● WORKING DATA:
☆ ☆ ☆ ☆ ☆ ☆ ☆

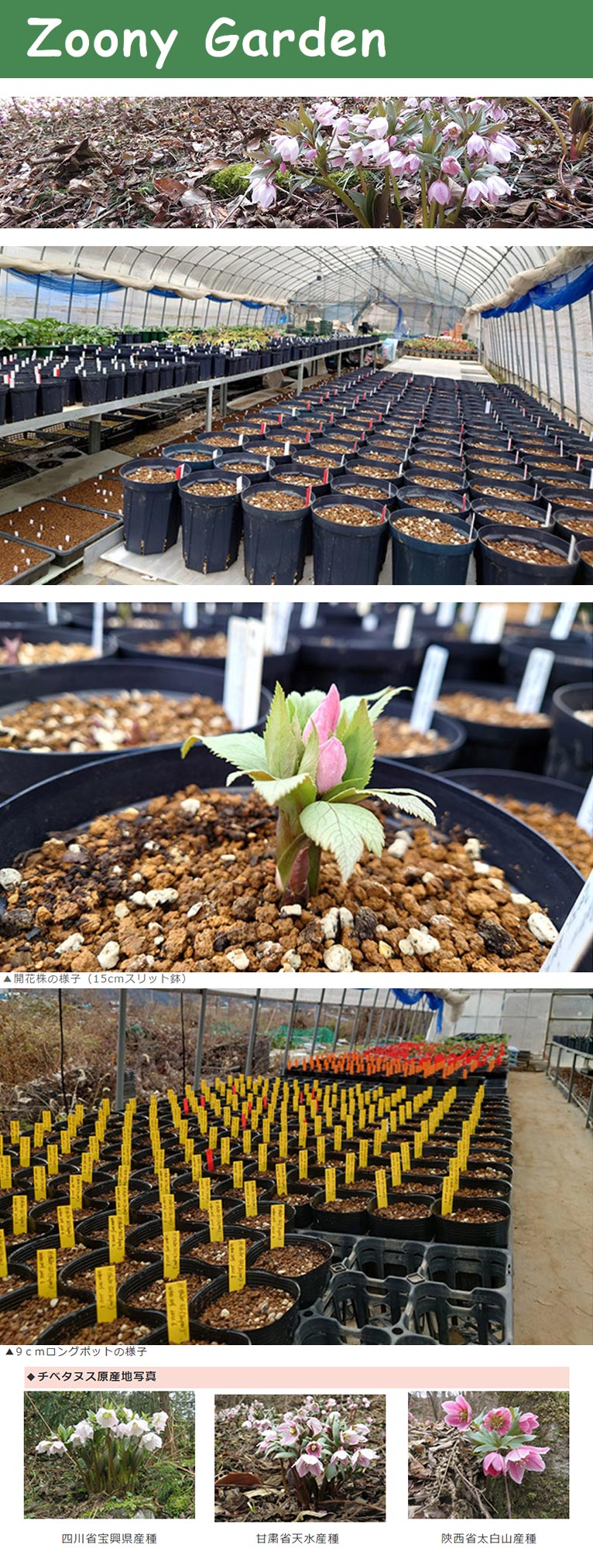 終了】チベタヌス実生苗を注文受付中！Zoony Garden ズーニィ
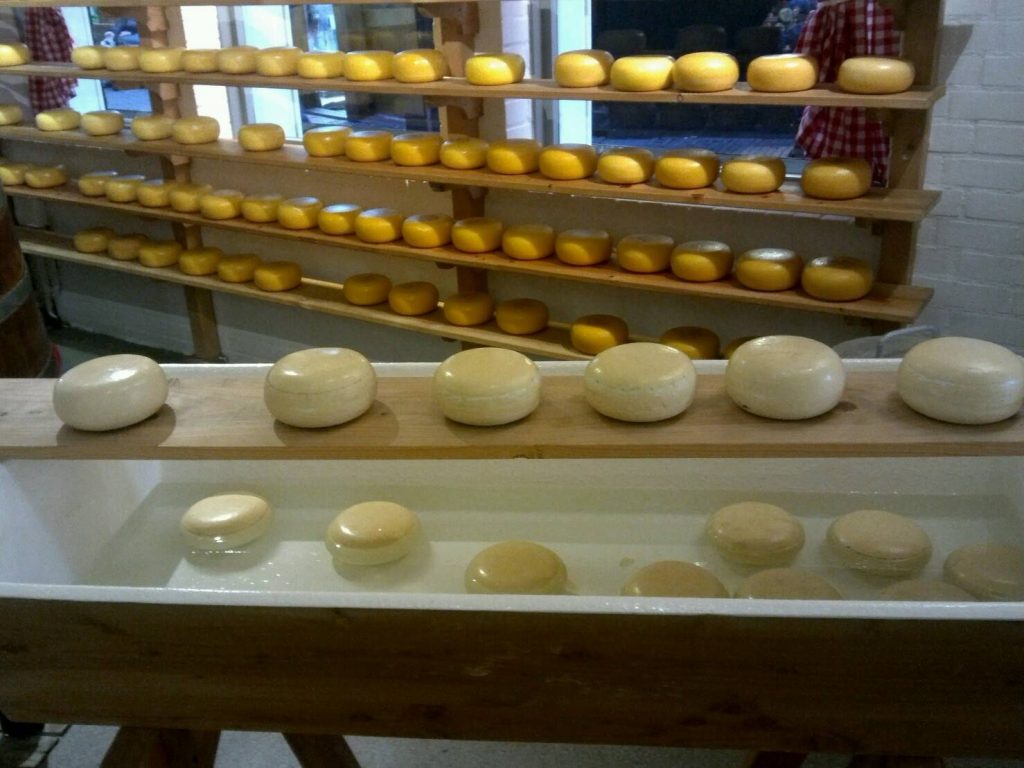 オランダのチーズ製造過程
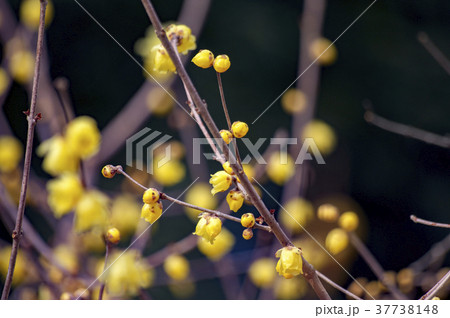 蝋梅の花 冬の花 蝋梅の花 冬の花 37738148
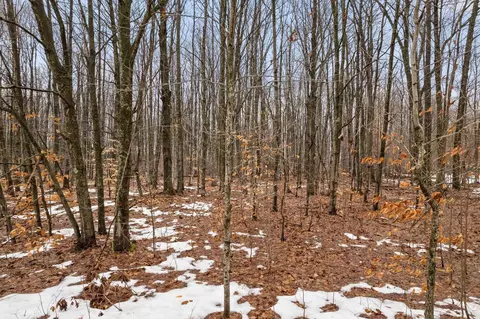 V/L Parcel A Lamerson #: A, Interlochen, MI 49643 photo 16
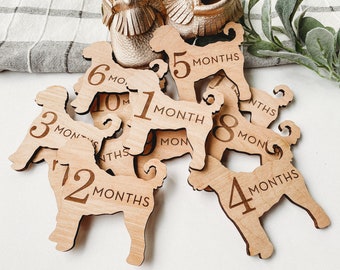 Dog Nursery Goldendoodle Monthly Milestone Plaques | Baby Shower Gift | Custom Goldendoodle Newborn Baby Gift for Dog Nursery | Dog Mom Gift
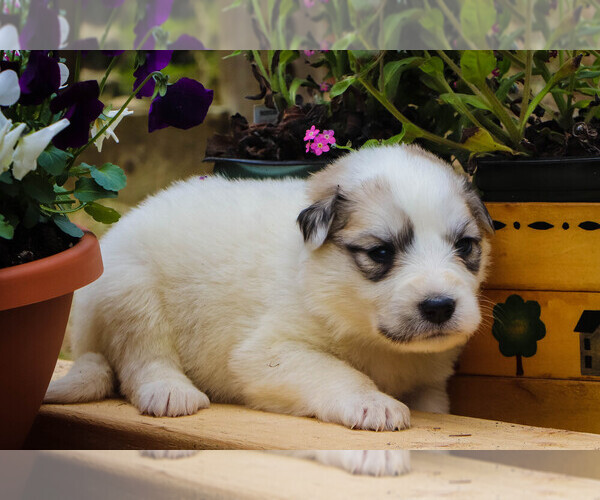 Medium Photo #14 Great Pyrenees Puppy For Sale in TOWNSEND, MA, USA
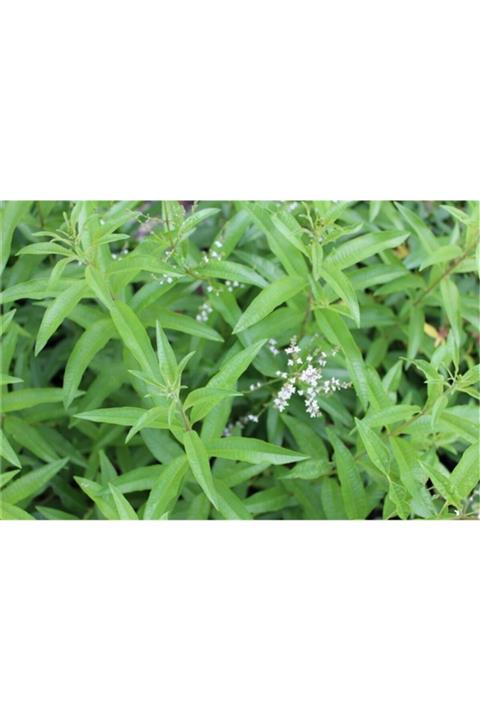 ruzgarbotanik Limon Melisa Fidanı Saksılı 40 cm 60 cm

☆ ☆ ☆ ☆ ☆ ☆ ☆

● YOUR OBJECTIVE:
Print once more, exactly, the lines that start at the top of the records above and end at the line with "Dog Nursery Goldendoodle", skipping all pictures.

● RESPONSE TO THE EXERCISE:
 終了】チベタヌス実生苗を注文受付中！Zoony Garden ズーニィ
 オランダのチーズ製造過程
 蝋梅の花 冬の花 蝋梅の花 冬の花 37738148
 V/L Parcel A Lamerson #: A, Interlochen, MI 49643 photo 16
 Dog Nursery Goldendoodle Monthly Milestone Plaques | Baby Shower Gift | Custom Goldendoodle Newborn Baby Gift for Dog Nursery | Dog Mom Gift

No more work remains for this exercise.